• Mohammad Asim Department of Medicine, Northwest General Hospital and Research Center, Peshawar.
  • Sartaj Alam Department of Nephrology, Peshawar Medical College, Peshawar.
  • Najmush Shakireen Combined Military Hospital, Peshawar
  • Rabia Saeed Department of Medicine, Northwest General Hospital and Research Center, Peshawar.
  • Arslan Rahat Ullah Department of Medicine, Northwest General Hospital and Research Center, Peshawar.
  • Zain ul Abideen Department of Physiology, KMU-IMS, Kohat.

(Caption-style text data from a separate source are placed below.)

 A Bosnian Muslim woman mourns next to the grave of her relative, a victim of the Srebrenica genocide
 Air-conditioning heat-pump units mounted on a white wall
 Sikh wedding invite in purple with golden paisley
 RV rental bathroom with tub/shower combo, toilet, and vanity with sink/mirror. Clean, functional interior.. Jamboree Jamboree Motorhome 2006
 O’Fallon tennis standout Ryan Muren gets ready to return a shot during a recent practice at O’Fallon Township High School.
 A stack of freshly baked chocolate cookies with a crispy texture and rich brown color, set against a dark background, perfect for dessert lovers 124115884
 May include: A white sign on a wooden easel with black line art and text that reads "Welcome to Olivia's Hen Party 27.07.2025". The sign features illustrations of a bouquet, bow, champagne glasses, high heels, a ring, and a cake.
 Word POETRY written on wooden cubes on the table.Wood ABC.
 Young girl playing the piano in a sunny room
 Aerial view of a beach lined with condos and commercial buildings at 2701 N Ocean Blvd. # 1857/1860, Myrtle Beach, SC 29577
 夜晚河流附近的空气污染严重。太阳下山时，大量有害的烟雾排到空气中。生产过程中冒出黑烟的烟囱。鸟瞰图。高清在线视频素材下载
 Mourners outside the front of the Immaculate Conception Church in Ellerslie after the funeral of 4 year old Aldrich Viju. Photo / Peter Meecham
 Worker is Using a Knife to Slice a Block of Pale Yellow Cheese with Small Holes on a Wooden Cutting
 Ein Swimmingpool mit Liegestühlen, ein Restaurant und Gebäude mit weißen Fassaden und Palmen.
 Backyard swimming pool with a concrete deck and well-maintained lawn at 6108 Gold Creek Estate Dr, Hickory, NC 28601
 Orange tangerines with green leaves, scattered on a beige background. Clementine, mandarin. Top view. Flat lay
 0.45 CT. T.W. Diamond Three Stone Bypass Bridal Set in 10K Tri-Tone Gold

Acute kidney injury, COVID-19, Inflammatory markers, inpatient mortality


Background: Published studies have reported that acute kidney injury (AKI) and other kidney related manifestations are associated with COVID-19 and linked with poor outcome. This study aimed to determine the incidence, risk factors and outcomes of AKI in hospitalized COVID-19 patients. Methods: This retrospective study of 154 patients involved retrieving data from hospital records confirm COVID-19 infection admitted to the Northwest General Hospital & Research Center, Peshawar from 1st April to 31st July 2020. AKI was defined using Kidney disease. Improving Global Outcomes (KDIGO)” guidelines. Results: Incidence of AKI was 37.01%. Age, gender, intensive care (ICU) requirement, number of co-morbid, diabetes mellitus, coronary artery disease, chronic kidney disease, chronic obstructive airway disease (COAD), arrhythmias among comorbid and fever and shortness of breath among symptoms were found to be significantly differed between AKI and non-AKI patients. Numerous differences of laboratory results such as serum sodium, potassium, total leukocyte count, absolute lymphocyte count and platelets between both groups were observed (p<0.05). Inflammatory markers including lactate dehydrogenase (LDH), ferritin, d-dimer and C-reactive protein (CRP) were significantly raised in AKI group. Overall mortality was observed to be 38 (24.7%). Moreover, age, ICU requirement; COAD, creatinine, serum sodium, inflammatory markers (LDH, ferritin, d-dimers and CRP), total leukocyte count, absolute lymphocyte count, platelets and support requirement were significantly differed between survivors and non-survivors.  Mortality was significantly higher among AKI group, i.e., 52.6% compared to 8.2% in non-AKI group (p<0.001). Conclusion: AKI is common among hospitalized COVID-19 patients and is associated with mortality. In all, AKI patients less than half of the patients survived.